Opera bem afinada (I)

 

Hiram Câmara

25 de novembro

O dia estava prometendo: claro, sol, nada melhor para se ir "al mare". E, para marinheiros de primeira viagem, como a maioria dos trinta casais, e poucos solteiros, tudo era novidade. Mas, enfim, depois de um ano de planejamentos e atividades preparatórias, para as quais, nosso agente da operadora, Luiz Pretzel, foi um precioso aliado, o dia 25 já vinha tardando.

Aos poucos, cada um foi chegando à Estação de Embarque,a maioria antes do meio-dia, hora marcada para começar o check-in.

E, em tempos de grandes desconfianças no que se refere a bagagens em Aeroportos, habituados a tomar conta das malas como se fossem pessoas queridas, logo à chegada ao porto, estranha-se o fato de se ter que entregar a bagagem, sem receber nenhuma prova da entrega.

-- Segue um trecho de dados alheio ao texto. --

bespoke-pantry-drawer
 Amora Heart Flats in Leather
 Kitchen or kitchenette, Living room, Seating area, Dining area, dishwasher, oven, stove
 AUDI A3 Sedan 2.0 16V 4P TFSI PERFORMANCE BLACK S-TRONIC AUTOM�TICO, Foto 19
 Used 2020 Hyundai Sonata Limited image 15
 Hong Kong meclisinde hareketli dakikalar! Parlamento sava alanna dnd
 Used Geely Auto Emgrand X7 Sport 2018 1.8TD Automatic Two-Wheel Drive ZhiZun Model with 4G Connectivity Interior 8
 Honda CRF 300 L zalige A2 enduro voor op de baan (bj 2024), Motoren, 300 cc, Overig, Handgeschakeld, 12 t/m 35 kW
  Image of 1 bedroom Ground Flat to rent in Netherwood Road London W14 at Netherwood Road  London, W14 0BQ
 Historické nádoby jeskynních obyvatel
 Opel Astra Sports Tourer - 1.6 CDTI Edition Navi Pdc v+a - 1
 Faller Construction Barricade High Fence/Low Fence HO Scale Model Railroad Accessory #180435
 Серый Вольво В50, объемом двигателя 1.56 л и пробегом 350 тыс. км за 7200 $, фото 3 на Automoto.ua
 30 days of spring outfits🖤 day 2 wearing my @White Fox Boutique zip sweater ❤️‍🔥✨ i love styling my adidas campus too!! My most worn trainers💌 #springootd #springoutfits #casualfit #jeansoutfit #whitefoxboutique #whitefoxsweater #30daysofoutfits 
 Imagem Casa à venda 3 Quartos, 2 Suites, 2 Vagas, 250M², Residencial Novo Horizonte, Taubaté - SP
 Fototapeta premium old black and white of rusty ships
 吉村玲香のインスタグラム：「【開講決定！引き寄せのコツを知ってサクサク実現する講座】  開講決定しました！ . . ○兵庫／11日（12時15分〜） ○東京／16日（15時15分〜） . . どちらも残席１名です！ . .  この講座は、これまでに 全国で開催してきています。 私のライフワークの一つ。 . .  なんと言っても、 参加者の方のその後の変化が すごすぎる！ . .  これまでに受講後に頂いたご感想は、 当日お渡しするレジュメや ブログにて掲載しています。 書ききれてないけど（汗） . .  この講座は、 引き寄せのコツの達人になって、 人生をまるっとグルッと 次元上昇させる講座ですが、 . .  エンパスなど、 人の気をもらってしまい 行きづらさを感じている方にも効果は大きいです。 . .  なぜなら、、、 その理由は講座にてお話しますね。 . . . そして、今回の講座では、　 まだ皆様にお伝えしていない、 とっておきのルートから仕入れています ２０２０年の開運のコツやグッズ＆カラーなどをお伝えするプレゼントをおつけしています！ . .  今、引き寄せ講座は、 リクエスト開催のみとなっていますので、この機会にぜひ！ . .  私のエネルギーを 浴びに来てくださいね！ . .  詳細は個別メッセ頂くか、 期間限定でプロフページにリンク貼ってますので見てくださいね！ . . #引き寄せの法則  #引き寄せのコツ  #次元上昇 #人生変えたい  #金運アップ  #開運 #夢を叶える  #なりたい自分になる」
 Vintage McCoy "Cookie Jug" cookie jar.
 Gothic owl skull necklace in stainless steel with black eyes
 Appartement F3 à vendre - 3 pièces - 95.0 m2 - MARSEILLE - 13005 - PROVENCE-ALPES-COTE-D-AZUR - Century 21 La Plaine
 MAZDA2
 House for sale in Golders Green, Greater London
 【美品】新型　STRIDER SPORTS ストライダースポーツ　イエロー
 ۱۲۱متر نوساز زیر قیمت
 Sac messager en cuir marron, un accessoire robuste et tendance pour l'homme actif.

Difícil imaginar que, ali, tão parte de nossa sociedade como outros locais, ainda valha a confiança, o que de há muito parecia haver desaparecido no Brasil. Mas, a rigor, foi com preocupação, que confiamos. Bem a rigor, mesmo, o que passava pela cabeça da maioria era: se confiar é preciso, vamos lá. Sem dúvida, era uma confiança rala, com sabor de desconfiança velada, flagrante no gesto de anotar o nome do funcionário que as recebia. Porque as malas foram entregues sem qualquer recibo. Apenas, a garantia verbal do jovem agente da operadora, de que tudo estava em ordem, que era assim mesmo, que podia confiar, que as bagagens seriam entregues nas cabines. Confiamos, pois.

Agora, era caminhar até a Estação de Embarque e esperar a hora do Check-in. Para isto, formava-se uma fila pequena a cada grupo que chegava, e logo se recebia a senha de atendimento. E com um detalhe: os que tinham mais de 65 anos (creio que a esta altura, mesmo os preocupados com a idade, já tenham completado 65 anos) não precisariam entrar em longas filas no check-in: os idosos que somos temos prioridade de atendimento, e para isto, nosso bilhete tinha que receber uma marca, logo chamada de "bolinha verde". Bem, considerando que, pelas estatísticas, o maior coningente a embarcar é de pessoas com idade mais avançada, tal prioridade é relativa, pois a tal bolinha verde parecia estar em todos os bilhetes na grande estação de embarque. Mas ajuda: se os "velhinhos" se adiantarem, são atendidos na frente.

Mas no final, isto é irrelevante, pois o tempo para o check-in é mais do que suficiente .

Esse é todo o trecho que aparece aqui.